Große Sprünge könnten die geförderten Hochschulen aber nicht machen. Die Summen, die sie zusätzlich erhalten haben, würden den jeweiligen Etat um 5 % bis 10 % aufstocken. „Das, was wir über fünf Jahre in die gesamte deutsche Hochschullandschaft an zusätzlichen Mitteln einspeisen, entspricht einem einzigen Jahreshaushalt der Stanford University“, rechnet Günter Stock, der Präsident der Akademie, vor. Die US-Spitzenuniversitäten oder die ETH Zürich, die als führende forschende Hochschule in Europa gilt, seien nicht in zehn Jahren, sondern eher in 100 Jahren exzellent geworden. Die Forscher fordern daher eine Verstetigung der Exzellenzinitiative auch über 2017 hinaus.

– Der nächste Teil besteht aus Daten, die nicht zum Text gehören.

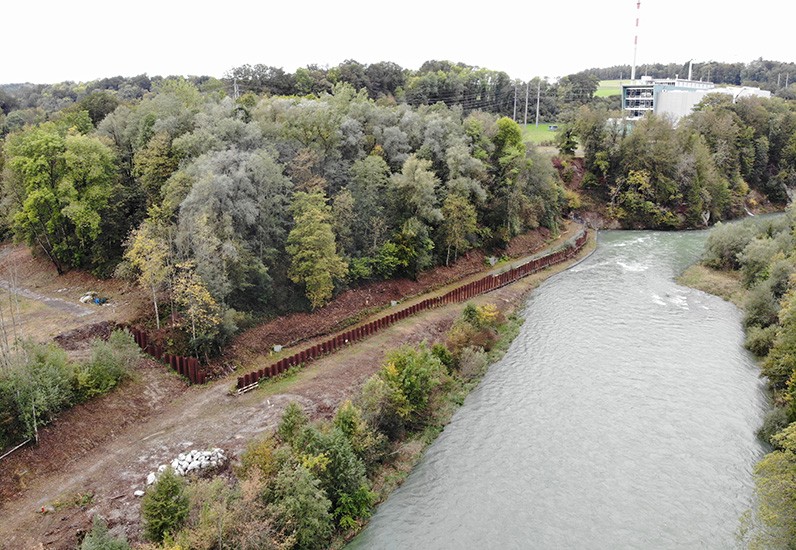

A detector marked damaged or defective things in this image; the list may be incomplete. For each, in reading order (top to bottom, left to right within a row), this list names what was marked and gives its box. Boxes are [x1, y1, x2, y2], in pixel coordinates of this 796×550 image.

rusty sheet pile wall [233, 231, 588, 394] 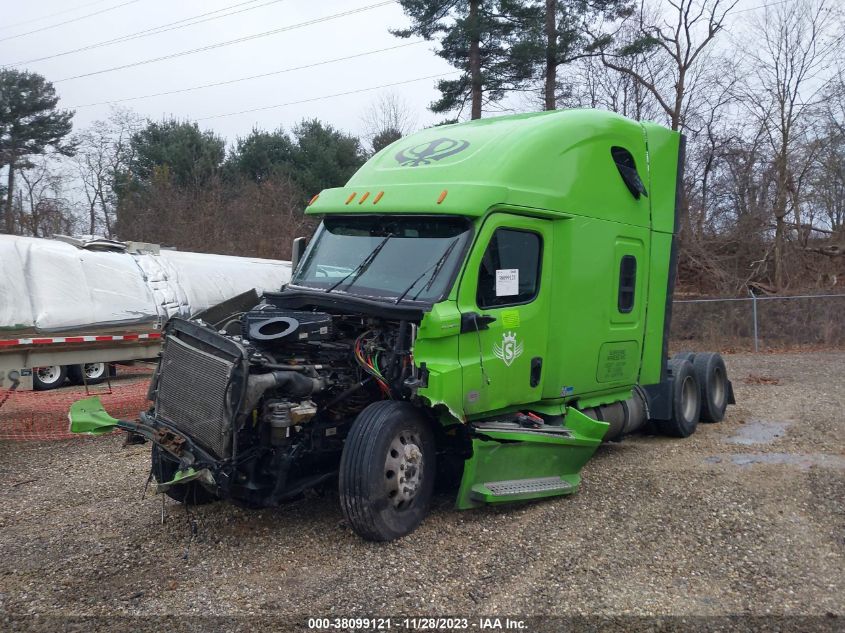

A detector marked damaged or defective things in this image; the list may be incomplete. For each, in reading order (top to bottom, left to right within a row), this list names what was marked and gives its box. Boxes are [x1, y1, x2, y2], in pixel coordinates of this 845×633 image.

crashed truck cab [71, 110, 732, 544] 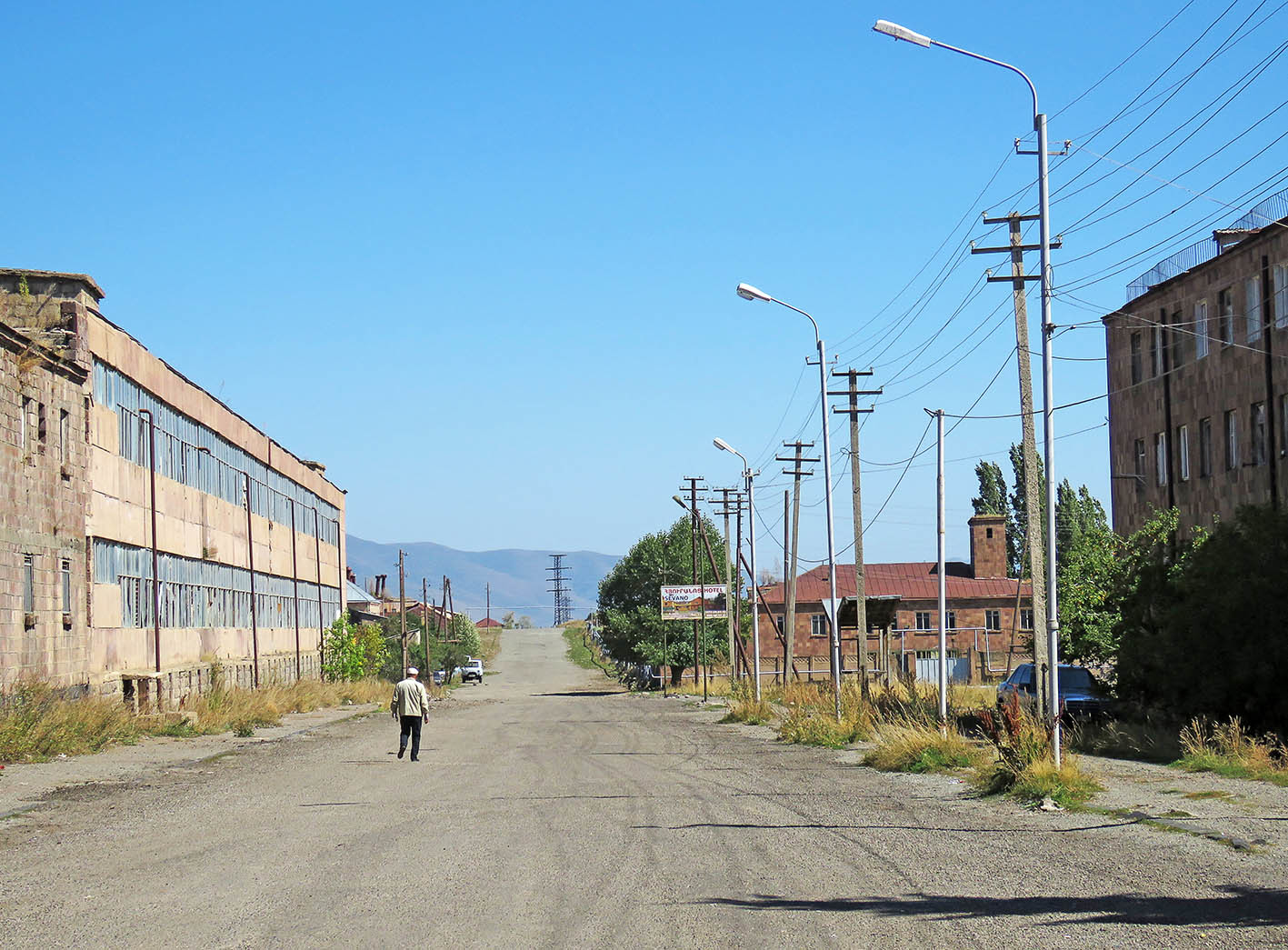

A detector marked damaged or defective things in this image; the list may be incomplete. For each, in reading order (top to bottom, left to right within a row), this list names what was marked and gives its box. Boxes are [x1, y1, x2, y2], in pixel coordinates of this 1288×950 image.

rusty drainpipe [137, 407, 161, 676]
rusty drainpipe [244, 473, 258, 687]
cracked asphalt road [0, 629, 1280, 945]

Positiv bewerten die Forscher, dass die Exzellenzinitiative von der Deutschen Forschungsgemeinschaft (DFG) und dem Wissenschaftsrat geleitet wird. Damit hätten wissenschaftliche und nicht politische Kriterien den Ausschlag für die Zuwendungen gegeben.

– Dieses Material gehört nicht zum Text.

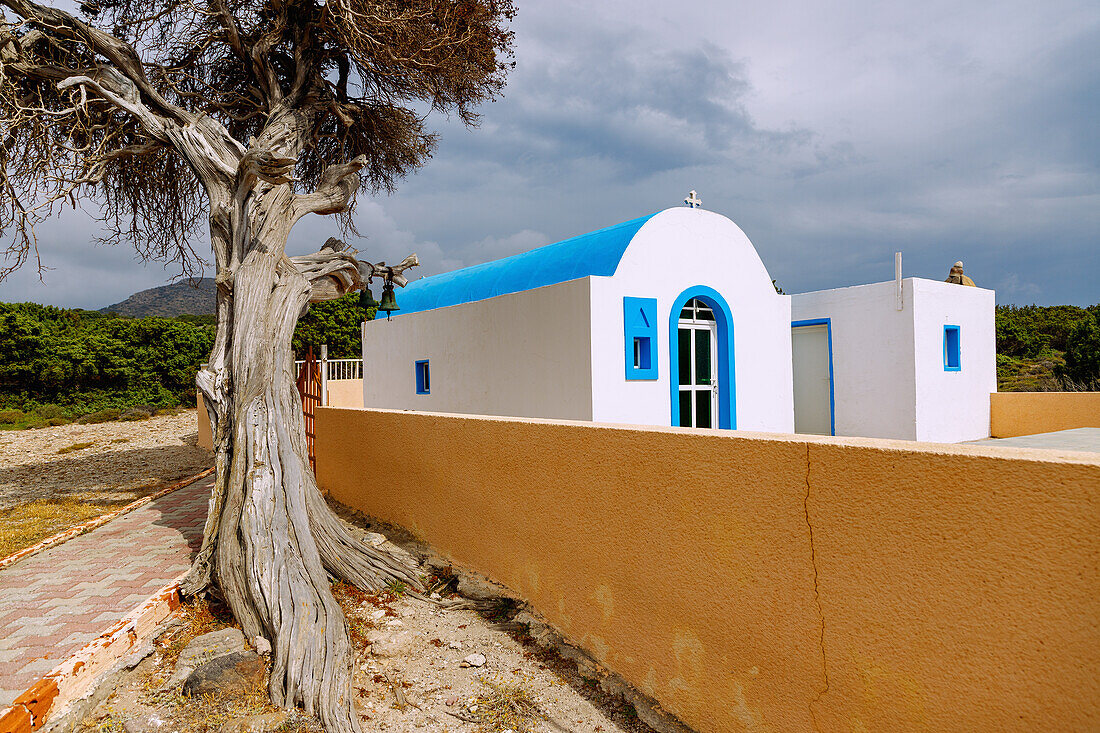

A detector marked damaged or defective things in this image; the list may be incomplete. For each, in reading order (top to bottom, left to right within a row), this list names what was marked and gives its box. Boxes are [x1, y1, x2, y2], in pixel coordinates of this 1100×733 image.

crack in wall [805, 440, 827, 730] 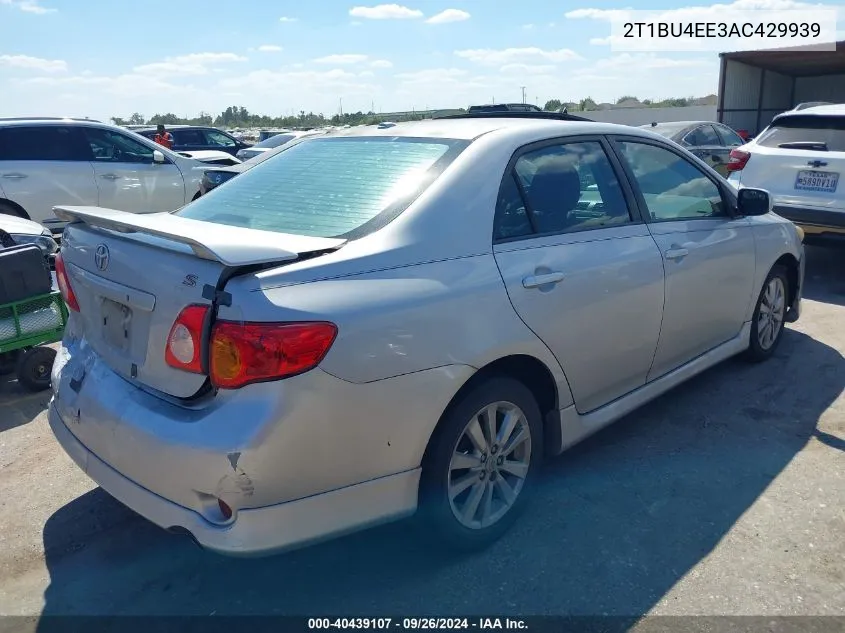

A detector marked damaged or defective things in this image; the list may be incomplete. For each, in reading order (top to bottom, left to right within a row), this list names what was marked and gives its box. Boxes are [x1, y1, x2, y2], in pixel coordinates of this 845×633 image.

dent in rear quarter panel [218, 253, 572, 404]
dent in rear quarter panel [748, 216, 800, 320] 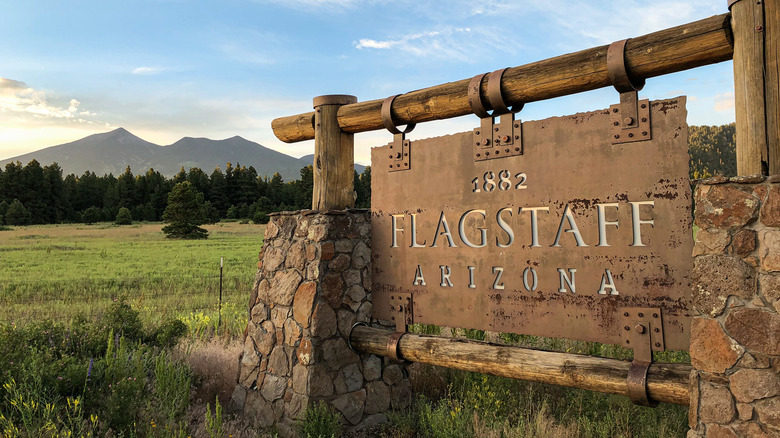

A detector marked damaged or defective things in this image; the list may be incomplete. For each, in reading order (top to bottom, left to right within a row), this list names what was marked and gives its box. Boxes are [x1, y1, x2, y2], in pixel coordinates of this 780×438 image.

Deutliche Kritik äußern die Forscher am offensichtlichen Ungleichgewicht der Förderungen. Darunter haben etwa die Ingenieurwissenschaften stark gelitten. Zusammen mit den Sozialwissenschaften seien sie unterdurchschnittlich vertreten, so die Untersuchung.

Um diesem Missstand abzuhelfen, schlagen die Forscher eine Änderung des Antragsverfahrens vor. So sollten zunächst innerhalb der einzelnen Wissenschaftsbereiche – Lebens-, Natur-, Ingenieur- und Sozialwissenschaften – eigene Ranglisten ermittelt werden. Sind dann noch Ressourcen frei für weitere Projekte, könnten diese in einer Schlussrunde durch einen Abgleich aus allen Bereichen „ohne feste Quotenvergaben“ (Zürn) verteilt werden. Ein solches Verfahren könne „viel dazu beitragen, um das Problem der bloßen Fiktion der Vergleichbarkeit des Verfahrens über Fächergruppen hinweg zu lindern“.

Die Forscher beschreiben auch eine Reihe von nicht beabsichtigten Nebeneffekten der Exzellenzinitiative, die bei künftigen Ausschreibungen berücksichtigt werden sollten. So würden die neu entstandenen Exzellenzcluster – thematisch orientierte Spitzenforschung an einzelnen Hochschulen – zwar eine große Anziehungskraft auf junge Wissenschaftler ausüben da die Cluster aber befristet sind, drohe nach deren Auslaufen durch das Ausscheiden der Forscher ein neuer Generationenstau.

Die Cluster könnten auch zu Überspezialisierung führen. Zudem drohe ein Ungleichgewicht zwischen geförderten und nicht geförderten Hochschulen, etwa bei der Anerkennung und Bewertung von Abschlüssen. Außerdem seien kleine Fächer in der Exzellenzinitiative systematisch benachteiligt.

„Der Reformbedarf der deutschen Hochschullandschaft ist weiterhin massiv“, so Akademiepräsident Stock. Angesichts der schlechten Rahmenbedingungen habe die Exzellenzinitiative respektable Ergebnisse erbracht. Doch der Anspruch, mit der Initiative könnten die deutschen Hochschulen mit den internationalen Spitzenuniversitäten vor allem in den USA gleichziehen, sei anmaßend und unrealistisch. J. WENDLAND

Die Studie liegt ab Mitte April in Druckform vor: Stephan Leibfried (Hrsg.): „Die Exzellenzinitiative“, Campus Verlag, Frankfurt a. M. 2010, 313 S., 19,90 €.